WebAnno

 

WebAnno is a general purpose web-based annotation tool for a wide range of linguistic annotations. WebAnno offers annotation project management, freely configurable tagsets and the management of users in different roles. WebAnno uses technology from the brat rapid annotation tool for visualizing and editing annotations in a web browser. It supports annotation and visualization of arbitrarily large documents, pluggable import/export filters, the curation of annotations across various users, and farming out annotations to a crowdsourcing platform.

Currently, WebAnno allows POS, Named Entity, Dependency Parsing and co-reference resolution annotations.
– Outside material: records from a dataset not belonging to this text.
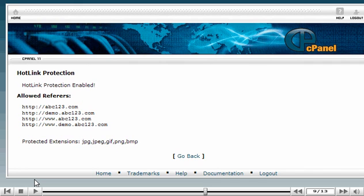You've successfully enabled hotlink protection. Only the websites listed here can hotlink to the file type shown here.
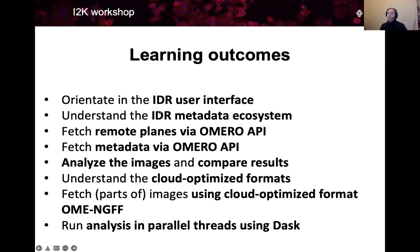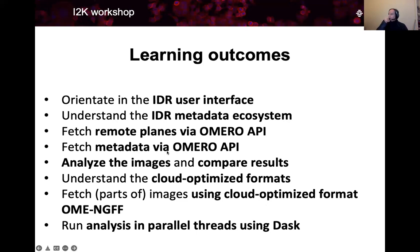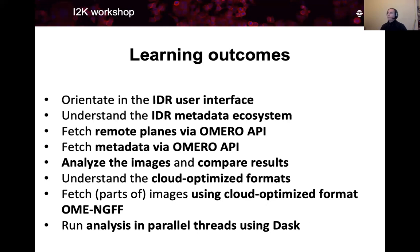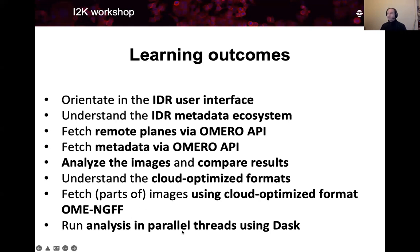What we will learn in this workshop is first we will orientate in the IDR and its metadata ecosystem, then we will programmatically fetch the image planes and metadata using the Omero API. Then we will learn how to segment the fetched images in Python environment and compare results with the original results coming from IDR. We will understand what cloud-optimized format is on an example of OME-NGFF, and then we will run analysis in parallel threads using the Python library Dask.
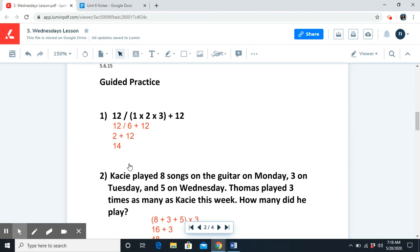Welcome back, fifth grade. For guided practice problem number 1, our expression is twelve divided by parentheses one times two times three, plus twelve. We're always going to solve for parentheses first: one times two is two, two times three is six. Our new expression is twelve divided by six plus twelve. Division is the more powerful operation, so we solve that first: twelve divided by six is two. Two plus twelve equals fourteen, and fourteen is our answer.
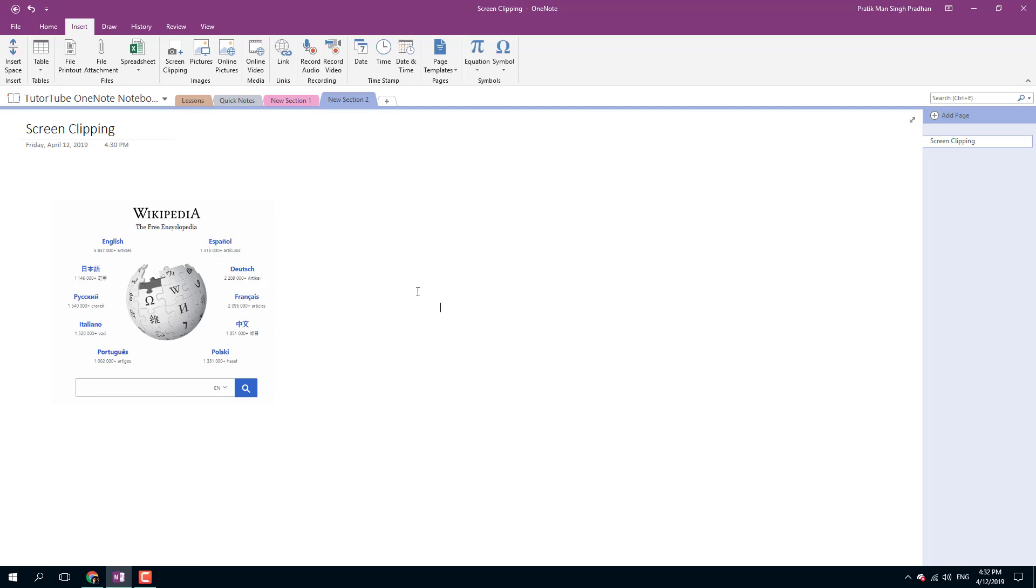That is how you can easily insert screen clipping inside of Microsoft OneNote. I hope you guys learned something. As always, please like, comment, share, and subscribe.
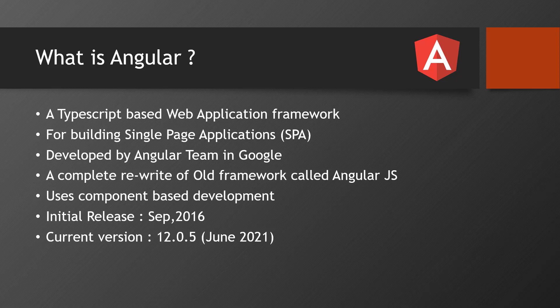Internally some AJAX calls will happen. Angular will automatically rebuild the entire DOM structure. That's what actually a single page application is.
The architecture design allows to add additional modes of visualization and editing, when new kinds of annotations are to be supported.

The added value of WebAnno, as compared to previous annotation tools, is on the one hand constituted by its web-based interface to skilled as well as unskilled annotators, which unlocks a potentially very large workforce. On the other hand, the tool's support functionality for quality control and annotator management and curation lowers the entrance barrier for new annotation projects.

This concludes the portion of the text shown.